→ **Work instruction**
For the records below, output each line exactly as it appears, from the first through the line with "- Mon Doudou".

BEGIN

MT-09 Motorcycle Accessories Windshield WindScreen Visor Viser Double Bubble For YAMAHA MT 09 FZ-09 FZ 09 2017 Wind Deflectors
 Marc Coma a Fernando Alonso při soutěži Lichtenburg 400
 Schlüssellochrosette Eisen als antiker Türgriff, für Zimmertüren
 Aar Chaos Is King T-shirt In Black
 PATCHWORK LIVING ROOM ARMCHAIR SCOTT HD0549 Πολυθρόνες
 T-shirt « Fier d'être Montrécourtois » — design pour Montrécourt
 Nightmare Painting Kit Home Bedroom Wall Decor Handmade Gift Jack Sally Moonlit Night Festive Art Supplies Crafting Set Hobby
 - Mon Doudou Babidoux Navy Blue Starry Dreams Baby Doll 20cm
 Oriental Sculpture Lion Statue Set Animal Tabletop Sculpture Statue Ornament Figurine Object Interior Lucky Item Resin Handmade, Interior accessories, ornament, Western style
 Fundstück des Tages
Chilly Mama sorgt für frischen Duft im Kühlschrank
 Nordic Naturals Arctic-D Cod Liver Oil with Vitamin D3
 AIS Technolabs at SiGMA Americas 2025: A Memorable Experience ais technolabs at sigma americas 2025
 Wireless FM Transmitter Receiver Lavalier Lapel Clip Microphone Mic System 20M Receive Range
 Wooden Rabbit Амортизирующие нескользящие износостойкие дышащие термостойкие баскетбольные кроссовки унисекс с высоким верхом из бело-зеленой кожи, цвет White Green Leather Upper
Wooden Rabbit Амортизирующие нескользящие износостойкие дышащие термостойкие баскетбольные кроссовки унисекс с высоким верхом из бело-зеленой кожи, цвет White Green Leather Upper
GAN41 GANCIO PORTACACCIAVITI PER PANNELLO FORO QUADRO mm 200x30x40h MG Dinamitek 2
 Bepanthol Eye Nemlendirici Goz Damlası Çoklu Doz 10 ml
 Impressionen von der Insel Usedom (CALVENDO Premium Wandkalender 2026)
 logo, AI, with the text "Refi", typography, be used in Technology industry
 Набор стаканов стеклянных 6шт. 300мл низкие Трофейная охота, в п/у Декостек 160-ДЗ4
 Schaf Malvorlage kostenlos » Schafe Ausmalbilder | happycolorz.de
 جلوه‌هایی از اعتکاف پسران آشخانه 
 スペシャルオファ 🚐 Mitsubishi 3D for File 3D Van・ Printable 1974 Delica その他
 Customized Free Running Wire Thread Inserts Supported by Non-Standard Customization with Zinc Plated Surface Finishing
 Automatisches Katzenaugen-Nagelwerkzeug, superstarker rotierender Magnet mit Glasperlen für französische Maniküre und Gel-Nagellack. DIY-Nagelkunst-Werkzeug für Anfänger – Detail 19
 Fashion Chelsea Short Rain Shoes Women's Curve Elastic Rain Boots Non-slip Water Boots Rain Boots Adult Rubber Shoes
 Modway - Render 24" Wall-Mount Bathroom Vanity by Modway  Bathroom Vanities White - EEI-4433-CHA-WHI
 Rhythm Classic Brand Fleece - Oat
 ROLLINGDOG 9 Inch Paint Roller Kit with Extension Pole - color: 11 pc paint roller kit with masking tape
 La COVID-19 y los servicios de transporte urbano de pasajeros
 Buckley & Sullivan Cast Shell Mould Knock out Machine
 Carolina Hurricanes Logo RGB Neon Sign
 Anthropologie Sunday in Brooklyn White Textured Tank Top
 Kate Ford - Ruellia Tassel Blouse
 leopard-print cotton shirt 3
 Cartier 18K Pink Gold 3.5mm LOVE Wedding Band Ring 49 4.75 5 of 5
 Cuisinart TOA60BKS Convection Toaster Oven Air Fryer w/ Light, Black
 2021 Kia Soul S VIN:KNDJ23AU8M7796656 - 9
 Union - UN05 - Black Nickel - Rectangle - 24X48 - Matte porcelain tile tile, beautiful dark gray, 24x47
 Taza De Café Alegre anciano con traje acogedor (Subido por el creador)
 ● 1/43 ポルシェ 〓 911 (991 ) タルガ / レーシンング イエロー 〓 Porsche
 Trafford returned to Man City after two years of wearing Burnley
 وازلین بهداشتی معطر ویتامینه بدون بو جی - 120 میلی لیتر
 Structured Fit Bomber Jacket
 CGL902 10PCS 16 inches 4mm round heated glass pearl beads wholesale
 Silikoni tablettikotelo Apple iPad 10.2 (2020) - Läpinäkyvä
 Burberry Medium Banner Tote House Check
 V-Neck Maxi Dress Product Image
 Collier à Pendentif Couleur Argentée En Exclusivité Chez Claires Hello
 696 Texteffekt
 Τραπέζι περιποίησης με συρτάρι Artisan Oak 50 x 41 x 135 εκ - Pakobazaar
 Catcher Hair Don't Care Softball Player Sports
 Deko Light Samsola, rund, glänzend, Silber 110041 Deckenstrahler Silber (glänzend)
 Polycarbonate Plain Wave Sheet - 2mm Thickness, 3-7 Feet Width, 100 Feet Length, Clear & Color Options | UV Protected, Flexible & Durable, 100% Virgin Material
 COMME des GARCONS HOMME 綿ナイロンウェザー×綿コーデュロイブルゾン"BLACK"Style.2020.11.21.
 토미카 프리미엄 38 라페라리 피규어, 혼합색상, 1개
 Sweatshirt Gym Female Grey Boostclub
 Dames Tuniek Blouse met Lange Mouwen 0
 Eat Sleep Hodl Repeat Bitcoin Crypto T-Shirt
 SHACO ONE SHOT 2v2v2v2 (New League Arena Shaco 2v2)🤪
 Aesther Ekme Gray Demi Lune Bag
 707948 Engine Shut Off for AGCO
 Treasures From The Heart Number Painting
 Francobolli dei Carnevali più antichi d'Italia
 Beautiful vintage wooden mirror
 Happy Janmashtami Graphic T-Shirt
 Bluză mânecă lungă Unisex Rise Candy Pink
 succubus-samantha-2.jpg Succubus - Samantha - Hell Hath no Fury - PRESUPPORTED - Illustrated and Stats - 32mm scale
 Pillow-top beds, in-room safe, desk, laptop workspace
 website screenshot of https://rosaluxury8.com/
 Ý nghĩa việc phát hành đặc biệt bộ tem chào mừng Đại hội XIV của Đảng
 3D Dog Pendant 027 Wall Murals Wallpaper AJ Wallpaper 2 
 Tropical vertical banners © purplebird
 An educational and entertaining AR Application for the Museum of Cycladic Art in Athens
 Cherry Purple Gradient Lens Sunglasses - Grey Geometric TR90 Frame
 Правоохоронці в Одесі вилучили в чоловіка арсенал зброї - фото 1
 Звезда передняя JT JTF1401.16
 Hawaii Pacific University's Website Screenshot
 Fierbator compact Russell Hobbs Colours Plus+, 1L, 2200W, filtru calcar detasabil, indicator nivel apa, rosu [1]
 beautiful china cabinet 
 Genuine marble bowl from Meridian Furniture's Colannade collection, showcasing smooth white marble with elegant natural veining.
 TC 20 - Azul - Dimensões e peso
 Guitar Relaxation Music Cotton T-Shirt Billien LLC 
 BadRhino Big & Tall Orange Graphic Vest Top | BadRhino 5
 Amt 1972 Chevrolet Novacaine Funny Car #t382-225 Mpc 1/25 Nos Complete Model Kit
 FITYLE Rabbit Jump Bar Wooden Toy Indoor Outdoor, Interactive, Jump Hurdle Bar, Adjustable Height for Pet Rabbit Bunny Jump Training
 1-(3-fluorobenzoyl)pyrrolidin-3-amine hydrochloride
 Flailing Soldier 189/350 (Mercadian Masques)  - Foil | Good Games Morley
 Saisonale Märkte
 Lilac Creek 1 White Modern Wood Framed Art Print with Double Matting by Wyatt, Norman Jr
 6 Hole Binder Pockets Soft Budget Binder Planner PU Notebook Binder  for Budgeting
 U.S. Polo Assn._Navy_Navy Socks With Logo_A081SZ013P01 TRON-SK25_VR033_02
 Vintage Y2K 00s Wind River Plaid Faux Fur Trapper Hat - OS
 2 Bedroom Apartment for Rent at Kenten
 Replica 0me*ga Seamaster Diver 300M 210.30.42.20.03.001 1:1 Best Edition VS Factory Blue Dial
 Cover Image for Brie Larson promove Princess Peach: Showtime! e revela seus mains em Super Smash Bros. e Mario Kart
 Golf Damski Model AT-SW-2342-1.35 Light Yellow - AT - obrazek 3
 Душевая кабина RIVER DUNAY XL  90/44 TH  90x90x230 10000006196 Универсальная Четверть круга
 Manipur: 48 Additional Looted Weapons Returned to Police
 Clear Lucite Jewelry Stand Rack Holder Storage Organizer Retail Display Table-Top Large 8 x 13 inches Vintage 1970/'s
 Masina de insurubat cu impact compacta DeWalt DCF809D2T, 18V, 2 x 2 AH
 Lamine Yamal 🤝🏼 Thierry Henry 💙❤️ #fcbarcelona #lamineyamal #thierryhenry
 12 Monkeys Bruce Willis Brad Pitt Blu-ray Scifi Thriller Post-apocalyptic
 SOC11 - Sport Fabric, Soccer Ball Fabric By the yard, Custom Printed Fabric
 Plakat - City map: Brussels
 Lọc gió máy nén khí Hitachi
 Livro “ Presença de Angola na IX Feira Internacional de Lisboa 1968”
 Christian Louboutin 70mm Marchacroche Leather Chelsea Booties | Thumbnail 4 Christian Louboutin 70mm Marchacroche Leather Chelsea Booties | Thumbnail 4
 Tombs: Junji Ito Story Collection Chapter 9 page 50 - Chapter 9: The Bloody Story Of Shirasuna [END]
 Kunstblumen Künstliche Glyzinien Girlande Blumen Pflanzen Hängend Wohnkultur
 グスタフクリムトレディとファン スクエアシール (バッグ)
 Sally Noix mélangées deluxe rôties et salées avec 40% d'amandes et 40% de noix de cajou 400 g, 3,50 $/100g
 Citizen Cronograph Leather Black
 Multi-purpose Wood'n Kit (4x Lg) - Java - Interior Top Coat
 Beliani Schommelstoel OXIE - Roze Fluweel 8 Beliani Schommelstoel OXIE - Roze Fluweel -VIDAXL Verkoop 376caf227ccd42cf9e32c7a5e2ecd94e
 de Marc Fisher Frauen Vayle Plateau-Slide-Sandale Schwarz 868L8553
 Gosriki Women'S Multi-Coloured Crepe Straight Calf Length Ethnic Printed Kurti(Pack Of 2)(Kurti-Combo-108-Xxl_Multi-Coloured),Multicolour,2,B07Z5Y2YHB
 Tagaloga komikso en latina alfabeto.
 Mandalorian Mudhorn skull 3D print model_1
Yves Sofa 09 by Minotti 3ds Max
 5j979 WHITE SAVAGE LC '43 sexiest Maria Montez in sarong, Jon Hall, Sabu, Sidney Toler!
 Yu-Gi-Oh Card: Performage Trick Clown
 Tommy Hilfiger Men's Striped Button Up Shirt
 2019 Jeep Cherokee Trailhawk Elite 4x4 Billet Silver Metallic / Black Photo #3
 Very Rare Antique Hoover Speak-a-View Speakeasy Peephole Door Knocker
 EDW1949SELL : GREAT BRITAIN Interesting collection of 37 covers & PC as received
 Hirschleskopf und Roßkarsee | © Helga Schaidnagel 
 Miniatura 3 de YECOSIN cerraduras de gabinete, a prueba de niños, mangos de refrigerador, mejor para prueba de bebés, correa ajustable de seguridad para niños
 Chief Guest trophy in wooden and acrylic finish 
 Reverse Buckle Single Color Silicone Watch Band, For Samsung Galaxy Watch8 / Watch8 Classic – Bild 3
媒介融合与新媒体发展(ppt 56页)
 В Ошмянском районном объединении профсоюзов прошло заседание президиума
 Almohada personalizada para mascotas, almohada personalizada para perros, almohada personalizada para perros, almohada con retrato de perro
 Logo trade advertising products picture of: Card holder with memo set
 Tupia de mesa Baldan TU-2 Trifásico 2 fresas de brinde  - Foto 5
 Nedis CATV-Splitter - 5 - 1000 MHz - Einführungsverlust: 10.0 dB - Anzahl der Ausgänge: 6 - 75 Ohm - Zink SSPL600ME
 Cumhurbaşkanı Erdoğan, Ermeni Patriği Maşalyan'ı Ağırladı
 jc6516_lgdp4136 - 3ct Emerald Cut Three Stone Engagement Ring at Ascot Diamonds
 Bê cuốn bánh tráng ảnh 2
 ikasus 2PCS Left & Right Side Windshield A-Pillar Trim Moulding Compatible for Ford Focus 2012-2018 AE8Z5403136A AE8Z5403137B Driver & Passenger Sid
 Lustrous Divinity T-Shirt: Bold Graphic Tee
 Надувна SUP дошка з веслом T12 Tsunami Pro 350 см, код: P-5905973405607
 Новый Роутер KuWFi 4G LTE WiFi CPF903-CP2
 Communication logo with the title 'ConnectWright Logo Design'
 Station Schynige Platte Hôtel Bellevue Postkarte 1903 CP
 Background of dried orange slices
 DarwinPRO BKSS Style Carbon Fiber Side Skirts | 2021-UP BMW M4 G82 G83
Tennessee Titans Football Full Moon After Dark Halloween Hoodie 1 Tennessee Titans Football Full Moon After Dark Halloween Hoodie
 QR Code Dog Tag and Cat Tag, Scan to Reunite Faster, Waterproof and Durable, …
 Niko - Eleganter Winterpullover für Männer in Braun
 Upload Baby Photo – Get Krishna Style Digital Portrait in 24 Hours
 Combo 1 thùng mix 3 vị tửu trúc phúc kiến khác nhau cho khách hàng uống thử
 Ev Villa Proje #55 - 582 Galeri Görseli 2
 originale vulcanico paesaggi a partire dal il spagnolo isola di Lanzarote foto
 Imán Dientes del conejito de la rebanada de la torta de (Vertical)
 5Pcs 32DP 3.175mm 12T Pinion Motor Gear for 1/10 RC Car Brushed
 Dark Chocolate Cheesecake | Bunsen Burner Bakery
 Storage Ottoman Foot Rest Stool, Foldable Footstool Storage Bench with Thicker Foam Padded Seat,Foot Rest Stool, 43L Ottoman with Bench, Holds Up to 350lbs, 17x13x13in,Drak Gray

END

→ **Response to this exercise**
MT-09 Motorcycle Accessories Windshield WindScreen Visor Viser Double Bubble For YAMAHA MT 09 FZ-09 FZ 09 2017 Wind Deflectors
 Marc Coma a Fernando Alonso při soutěži Lichtenburg 400
 Schlüssellochrosette Eisen als antiker Türgriff, für Zimmertüren
 Aar Chaos Is King T-shirt In Black
 PATCHWORK LIVING ROOM ARMCHAIR SCOTT HD0549 Πολυθρόνες
 T-shirt « Fier d'être Montrécourtois » — design pour Montrécourt
 Nightmare Painting Kit Home Bedroom Wall Decor Handmade Gift Jack Sally Moonlit Night Festive Art Supplies Crafting Set Hobby
 - Mon Doudou Babidoux Navy Blue Starry Dreams Baby Doll 20cm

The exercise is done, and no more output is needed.